Öğrencinin, aile desteğine ihtiyacı olmasının yanı sıra kendini iyi hissedeceği bölümlere gitmesinin öneminin altını çizen Birol Güney, sözlerini şöyle sürdü:
“Ayrıca aile ile çocuk tercih döneminde işbirliği yapmalı. Herkes ayrı bir il düşünmemeli. Ev oturup konuşmaları gerekiyor. Kavga etmek değildir illa ki bu. Doğru sonucu bulmak gerekiyor. Ailenin ekonomik durumu, gideceği yerin uzaklığı, aileden ayrı kaldığı zamanki psikolojik durumu gibi etmenler incelenmeli. Bunlara göre sadeleştirerek çocuğun isteğinin dışında hareket etmemek anlamına gelir. İstemediği bir şeyi yaptırırsak çocuk, anne babayı suçlayacaktır.”
 


“Hedefi olmayan kişi karanlığa kurşun sıkar”
 
Üniversite hazırlık aşamasındaki bir öğrenciyi, hem ailenin hem okulun hem rehberliğin birlikte hareket ederek tanımaları gerektiğini söyleyen Özel Düzce Kültür Koleji Koordinatörü Birol Güney, sözlerine şöyle devam etti:

“Liseden, hazırlık döneminde hedef belirliyor öğrenci. Deneme sınavlarına giriyor. Netlerini gözden geçiriyor. 12.sınıfa gelince de ona göre hazırlıklarını planlıyor. Hedefi olması çok önemli öğrencinin. Hedefi olmayan kişi karanlığa kurşun sıkmış gibidir. Üniversiteye hazırlanması da önem arz etmiyor. Bu ülke için de önemli bir kayıp. Kendi yeteneklerini geliştirmemiş birisi olacak.”
 
“Okul, öğrenci, aile birlikte hareket etmeli”

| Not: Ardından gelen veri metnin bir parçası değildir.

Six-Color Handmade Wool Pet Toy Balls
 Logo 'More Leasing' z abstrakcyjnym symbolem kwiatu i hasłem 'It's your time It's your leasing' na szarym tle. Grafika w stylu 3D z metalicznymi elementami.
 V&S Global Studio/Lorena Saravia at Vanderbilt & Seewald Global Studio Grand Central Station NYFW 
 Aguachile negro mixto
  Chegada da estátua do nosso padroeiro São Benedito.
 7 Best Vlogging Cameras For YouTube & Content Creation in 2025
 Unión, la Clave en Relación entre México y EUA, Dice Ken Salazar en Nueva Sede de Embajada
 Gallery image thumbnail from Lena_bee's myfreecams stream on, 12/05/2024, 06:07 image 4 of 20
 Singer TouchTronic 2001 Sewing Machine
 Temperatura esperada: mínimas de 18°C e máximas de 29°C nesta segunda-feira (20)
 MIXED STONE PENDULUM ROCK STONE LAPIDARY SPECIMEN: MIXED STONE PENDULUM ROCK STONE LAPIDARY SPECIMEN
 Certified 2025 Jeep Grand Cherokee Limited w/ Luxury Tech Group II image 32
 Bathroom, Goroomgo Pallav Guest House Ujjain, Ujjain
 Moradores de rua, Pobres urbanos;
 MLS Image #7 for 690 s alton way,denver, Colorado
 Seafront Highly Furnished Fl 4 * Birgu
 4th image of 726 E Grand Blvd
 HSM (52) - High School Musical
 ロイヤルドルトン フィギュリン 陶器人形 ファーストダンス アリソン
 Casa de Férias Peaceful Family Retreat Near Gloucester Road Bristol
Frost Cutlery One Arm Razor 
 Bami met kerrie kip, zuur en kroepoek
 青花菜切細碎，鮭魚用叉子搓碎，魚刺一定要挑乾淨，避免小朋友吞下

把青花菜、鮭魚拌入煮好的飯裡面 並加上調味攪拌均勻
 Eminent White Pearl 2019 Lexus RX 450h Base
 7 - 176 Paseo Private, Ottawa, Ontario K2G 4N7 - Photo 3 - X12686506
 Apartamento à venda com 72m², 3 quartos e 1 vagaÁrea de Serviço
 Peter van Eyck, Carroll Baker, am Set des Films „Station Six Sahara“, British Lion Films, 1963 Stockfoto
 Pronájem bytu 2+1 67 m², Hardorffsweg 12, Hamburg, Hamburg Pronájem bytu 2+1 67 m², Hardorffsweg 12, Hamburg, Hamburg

Kültür Koleji olarak eğitim misyonlarından da bahseden Güney, derece yapan öğrencileriyle ilgili de konuştu. Güney, şunları söyledi:

“Kültür Anadolu ve Fen Lisesi olarak akademik eğitimi öne alıp sosyal faaliyetleri de destekleyen bir misyonumuz var. Biz alt yapımızı yükseköğrenime öğrenci hazırlamak için kuruyoruz. Beyza, okul idaresi, rehber öğretmeni ve ailesiyle paralel hareket etti. Kendisinden de bir şeyler kattı. Bu şekilde başarıya ulaştı. Türkiye’de en büyük sorun sınav psikolojisidir. Bu çocuklarımız süreci iyi yönetti. Beyza’nın arkasından da Burak diye bir çocuğumuz var. Burak biraz daha sosyal bir öğrenciydi. Dışarıya açıktı. O da Hacettepe’yi kazandı.”
 

“Öğrencilerin tercih yapmaları gerekiyor”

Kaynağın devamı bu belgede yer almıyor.